Resorbable Fixation is used in the reconstruction of the craniofacial skeleton to treat congenital anomalies, traumatic deformities and skull base tumors. It can also be used to maintain the position of bone grafts in non-load bearing applications.
Recent clinical trials have demonstrated that resorbable plates are associated with lower rates of complications than titanium in patients who undergo craniomaxillofacial surgery. These include infection, paresthesia, foreign body reaction, palpability, dehiscence, malocclusion and material-related complications.
Calcium Phosphate
Calcium phosphates are present in the natural bone and have osteoconductive and in some cases, osteoinductive properties that facilitate bone regeneration. Their bioactivity depends on several factors including ion release, porosity, degradation, surface chemistry and morphology. The ion release promotes cell adhesion and proliferation, as well as the differentiation of osteoblasts into bone mineral formation [21].
Hydroxyapatite (HAP) is the most commonly used calcium phosphate because of its low cost, biocompatibility and resemblance to native bone minerals. It has a high ion release rate and is stable in physiological conditions defined by temperature, pH and body fluids. It does not cause inflammatory reactions and is safe to use clinically.

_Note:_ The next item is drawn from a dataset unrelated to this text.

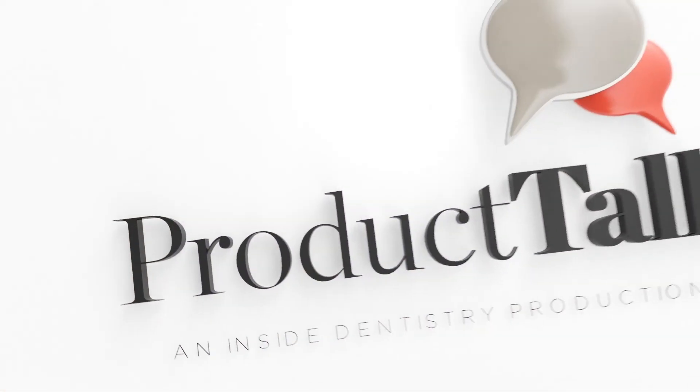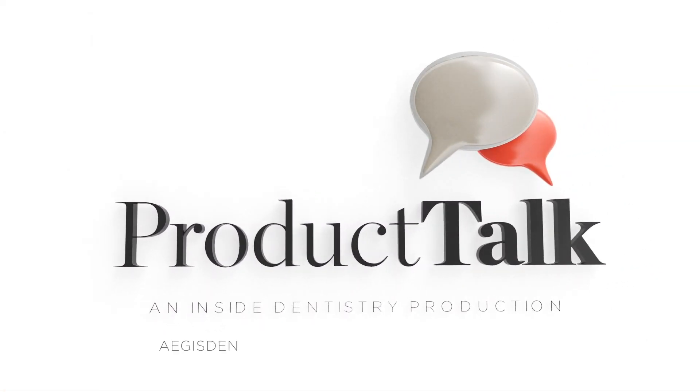That'll about wrap it up for this edition of Inside Dentistry's Product Talk. On behalf of Dr. Frankie Scholl, myself, and everybody here at Inside Dentistry, I want to thank you for your time and your continued commitment to quality dentistry. Thank you very much.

It also has good mechanical properties, comparable to cancellous bone. However, it has a poor ability to support load-bearing areas and is often used in conjunction with other materials.
Biphasic Calcium Phosphates (BCP) are bioceramics composed of two different phases of a calcium phosphate: a highly soluble phase such as hydroxyapatite and a less soluble phase, such as beta-tricalcium phosphate (b-TCP). BCP nanocomposites consisting of HA and b-TCP have demonstrated superior mechanical properties to those of b-TCP alone. They have a compressive strength of 9.8 MPa similar to cancellous bone. Unlike HAP, BCP does not have intrinsic cytotoxicity. It can, however, result in an increase of calcium concentration in the cytoplasm due to endosomal uptake and lysosomal degradation. This effect is usually observed at high doses and may be detrimental to the health of cells.
Hydroxyapatite
Hydroxyapatite is the most abundant inorganic component of human bone. Its formula is Ca10(PO4)6(OH)2 and can be found in both amorphous and crystalline form. The amorphous form is most commonly used in clinical applications. Despite its low mechanical strength, hydroxyapatite has been successfully utilized as bioresorbable osteoconductive material, generally together with PLLA and PLGA.
Hydroxiapatite’s biological activity encourages the growth of bone and therefore it can be used as a coating on titanium or stainless steel implants. This trickery can reduce the implant rejection rate and enables faster healing times compared to uncoated implants. It has also been used to treat dental hypersensitivity and to improve results with dental implants in cases of bone voids or defects.
In order to enhance HA scaffold’s bioactivity, several studies have employed the substitution of Ca, P or OH groups for other metal ions (e.g. Mg, Mn or Zn) that are important for bone biological and metabolic activities. However, the resulting chemical and physical properties of the HA differ significantly depending on phase composition, preparation method, microstructure, implant site and body conditions.
Moreover, the amorphous hydroxyapatite can be coated with polymers to make it suitable for controlled drug release. This is done by incorporating the drug into the HA and then it can be released at a controlled rate over time.
PLLA/PLGA
PLLA/PLGA is a biodegradable synthetic polymer that can be used for a number of different medical applications. It is produced by ring-opening co-polymerization of two monomers, lactic acid and glycolic acid. The resulting polymer has a high biocompatibility and low toxicity. It also has a very slow degradation rate.
One of the key physico-chemical properties of d,l-PLGA is its glass transition temperature (Tg), which defines a boundary between a highly viscous brittle structure and a more fluid rubbery state. This property is important because it affects the diffusion coefficient of small molecules. The diffusion rate in the rubbery state is several orders of magnitude higher than that in the glassy state. This difference is important for drug release kinetics.
As a biodegradable synthetic polymer, d,l-PLGA is easily fabricated into various drug delivery devices. It can be shaped into nanospheres, microspheres and millimeter-sized implants that can encapsulate drugs, peptides and proteins. Depending on the device’s application, a variety of factors can influence the degradation and drug release rate of d,l-PLGA. These factors include physical properties such as molecular weight and polydispersity index, the ratio of lactide to glycolide, the size of the device, exposure to water and storage temperature.
PLGA has good cell affinity and can be combined with silk fibroin to improve its hydrophobicity. Electrospun SF/PLGA scaffolds have shown excellent spreading, ECM secretion by chondrocytes and tunable degradation profiles, making them promising materials for cartilage tissue engineering (TE). Furthermore, a study showed that a SF/PLGA scaffold has lower levels of foreign body giant cells than a control amorphous PLLA scaffold.